October 30, 2018
When testing out a new retail concept, brands often set up – or more accurately, pop up – on the coasts. But when it comes to getting a pulse on how the average American shops, there’s no better place than the Mall of America.
That’s why this holiday season, Good Housekeeping is bringing its media endorsement – and widely recognized GH seal – to its very own pop up shop to the famed megamall. But unlike the rest of the 500+ retailers in the mall, the GH lab is powered by Amazon.
Here’s how it works: the GH Lab looks and feels like a house, with different “rooms” showcasing everything from shampoo to refrigerators. And when you’re ready to buy, no need to track down a sales person, bring the item to the register, wait in line, check out, then lug the item to your house yourself.

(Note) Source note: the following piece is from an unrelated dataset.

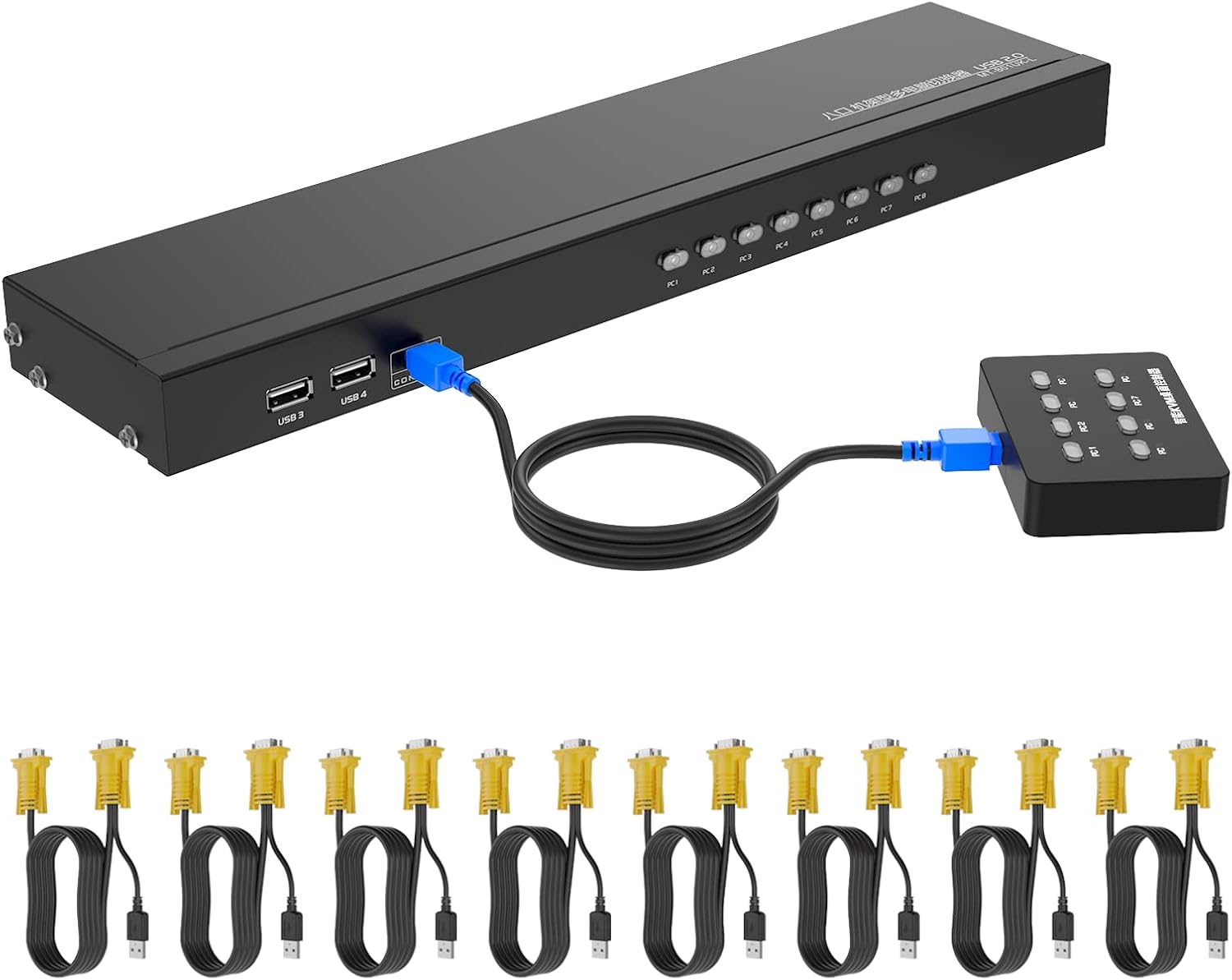 Yinker VGA KVM 8 Port, USB VGA Rackmount KVM + 8 KVM Cables + 3 USB Hubs + Wired Desktop Selector + Rack Mount Ears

Shoppers simply take out their smart phones, use their existing Amazon app to take a picture of the smart code to complete the purchase on their own phone. No lines. No hauling. Amazon will deliver the item right to your door on the same delivery schedule shoppers have come to expect when ordering online.
When talking to a salesperson at the GH Lab, it sounds like most shoppers understand the concept right away. “Virtually everyone has the Amazon app, so we don’t have to sell them on downloading another app,” he explained. The only exception? Boomers who still have flip phones. There isn’t a low-tech option for these shoppers to engage; they would need to make a list of the products they like and purchase the items online later.

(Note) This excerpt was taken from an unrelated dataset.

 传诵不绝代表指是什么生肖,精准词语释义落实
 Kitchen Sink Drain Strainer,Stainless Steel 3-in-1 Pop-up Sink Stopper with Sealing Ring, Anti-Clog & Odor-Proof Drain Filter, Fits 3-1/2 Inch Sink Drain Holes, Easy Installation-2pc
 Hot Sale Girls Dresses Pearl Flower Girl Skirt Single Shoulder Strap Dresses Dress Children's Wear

As if the Amazon fulfillment isn’t enough, there are quite a few other things that make the GH Lab different than any other store. Most notably, the store only carries one item per category. So instead of seeing a wall of smart TVs, the GH Lab only offers one. The best one, according to the Good Housekeeping Institute. And while some people enjoy the shopping experience – judging and evaluating different brands based on different tech specs to find the best TV at the best price – here Good Housekeeping has done all the work for you. If you want a smart TV, buy this one. If you want a new blender, buy this one. It’s the kind of authority that only works when you have a 100-year history of testing and recommending products.
That’s why this store doesn’t even have to look like a store. There aren’t shelves stocked with dozens of brands, each with dozens of products. Shoppers can visualize how the products would look in a house. Packaging on big items is less important, because shoppers see it already unboxed, sitting on the floor or displayed on a counter. Displays look completely different – which means merchandising teams can have more freedom to create compelling displays.

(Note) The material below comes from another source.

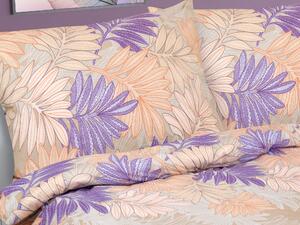 BELLATEX Povlečení bavlna na dvoudeku Kapradí fialová 200x220, 2ks 70x90 cm (200 cm šířka x 220 cm délka prodloužená)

Which brings us to yet another stark difference between this new retail experience and every other store: the staff. It requires a completely different approach to hiring and staffing. Now you don’t need a backroom team to handle receiving or inventory. Floor teams aren’t replenishing shelves because no one is leaving the store with any product. There are no check outs, check-out lines or bagging. The only thing staff has to do is talk to customers. And not even offer advice on which toaster is best, because Good Housekeeping has already done that.
For salespeople, it boils down to establishing trust with shoppers that Good Housekeeping will offer the best products, and Amazon will deliver them at the best price. Both are pretty easy sells if you ask me.
If this goes well, it’s fun to imagine what might be next. Retailers completely decoupling the showroom shopping experience from their stockrooms? Pop up shops where influencers can monetize their favorite products, just for recommending them during a meet and greet? Or kids exploring a giant toy store during the holidays, scanning barcodes and making digital wish lists that can immediately be sent to grandma – and then she’s only one click away from ordering exactly what they want?
The GH Lab is open now through December 30. My prediction: consumers will find Good Housekeeping to be good for housekeeping and once again Amazon will dominate the season.